I have the same problem, I’m using the lastest version of wordbooker plugin. I need to keep cleaning the diagnostic data every few days as it get increasing really fast, 200-300 MB a week or so.
I use to visit my wordpress admin page everyday.
Any way to fix this?
Thanks!
Plugin Author
Steve
(@steveatty)
What is it filling up with? The cron job that refreshes the cache should clear old entries down.
It get cleaned just whe I click the button in wordbooker admin page “Clear diagnostic messages”.Or if I clear the table manually in phpmyadmin.
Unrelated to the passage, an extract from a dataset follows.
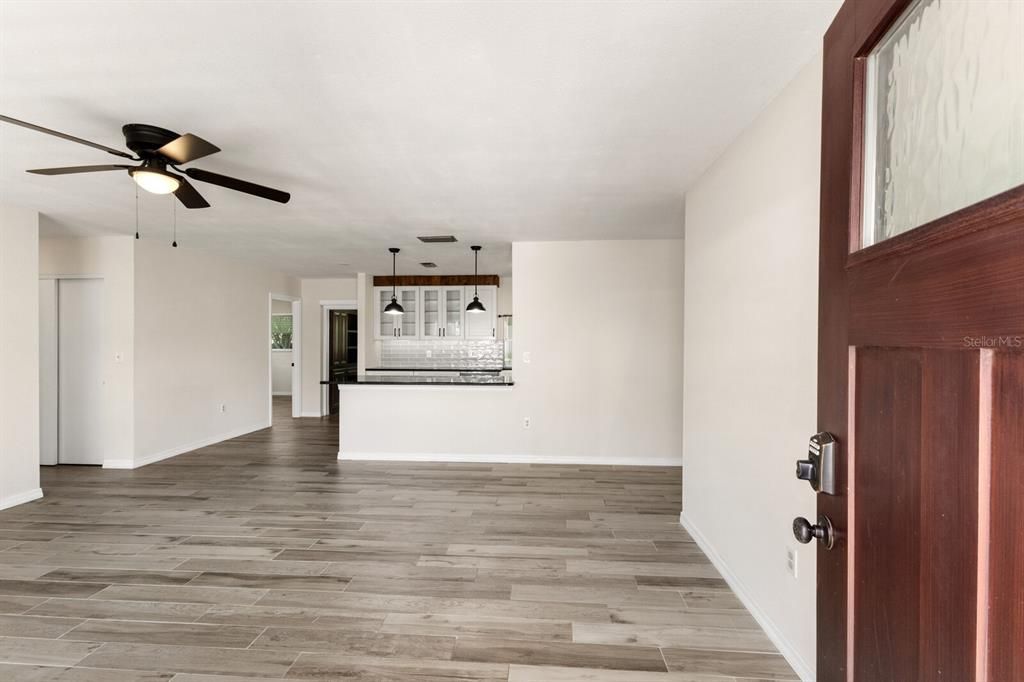 For Sale: $320,000 (2 beds, 2 baths, 1237 Square Feet)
I don’t know what’s filling the table, diagnostics messages, I guess, mostly comment handling information.
FYI, from the last manual cleaning just a few hours ago the table has 11382 lines.
Thanks for your quick answer.
Plugin Author
Steve
(@steveatty)
Is this a multi-site install? What polling interval are you using?
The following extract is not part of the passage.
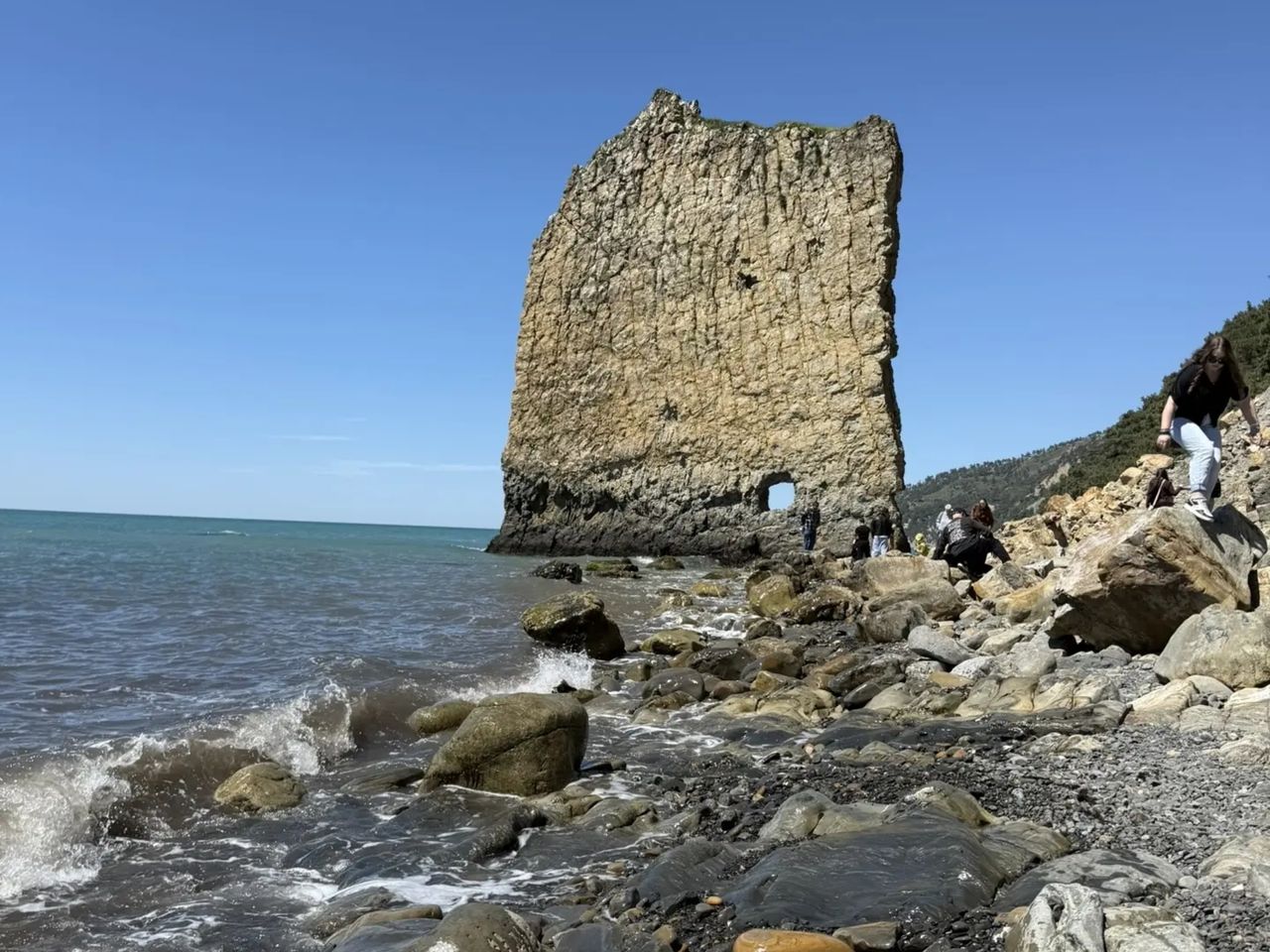 Экскурсия к скале Парус, Голубой бездне, дольмену и водопаду - групповая экскурсия в Геленджике на машине гида длительностью 5 часов с количеством участников до 20 человек цена экскурсии 2500₽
No multi-site, comment handling every 30 minutes.
Plugin Author
Steve
(@steveatty)
OK – how comfortable do you feel about editing code?
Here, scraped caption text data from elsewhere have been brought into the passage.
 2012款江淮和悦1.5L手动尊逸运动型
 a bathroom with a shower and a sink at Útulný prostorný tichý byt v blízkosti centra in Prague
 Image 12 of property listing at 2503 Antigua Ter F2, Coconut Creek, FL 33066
in wordbooker_cron.php (in the wordbooker/includes directory)
Find
$result = $wpdb->query('DELETE FROM '.WORDBOOKER_ERRORLOGS.' WHERE timestamp < '.$trimtime.' and blog_id ='.$blog_id.' and post_id=-2');
and add after it:
$result = $wpdb->query('DELETE FROM '.WORDBOOKER_ERRORLOGS.' WHERE timestamp < '.$trimtime.' and blog_id ='.$blog_id.' and post_id=-3');
In my file it’s a bit different, like this:
$result = $wpdb->query(' DELETE FROM ' . WORDBOOKER_ERRORLOGS . ' WHERE blog_id ='.$blog_id.' and (user_ID='.$user_id.' or user_ID=0 ) and post_id<=1');
Should I have to add your line anyway?
Plugin Author
Steve
(@steveatty)
Braincramp on my part I meant wordbooker_comments.php … not wordbooker_cron.php
These are the first lines of support info from the plugin admin page:
Wordbooker: 2.1.32
Wordbooker Code Base: 2.1.32 R00 – When a Warm Wind Blows Through the Grass
Wordbooker ID: 254577506873
Wordbooker Schema: 5.6
WordPress: 3.5.1
Table prefix: wp_
PHP: 5.4.16
Plugin Author
Steve
(@steveatty)
OK so make the change to wordbooker_comments and not wordbooker_cron.
Its been a long week at work.
Hi, Sorry I didnt get notified of your reply till today.
My site isn’t a multi user site, just me. I have made those changes also as you recommended above.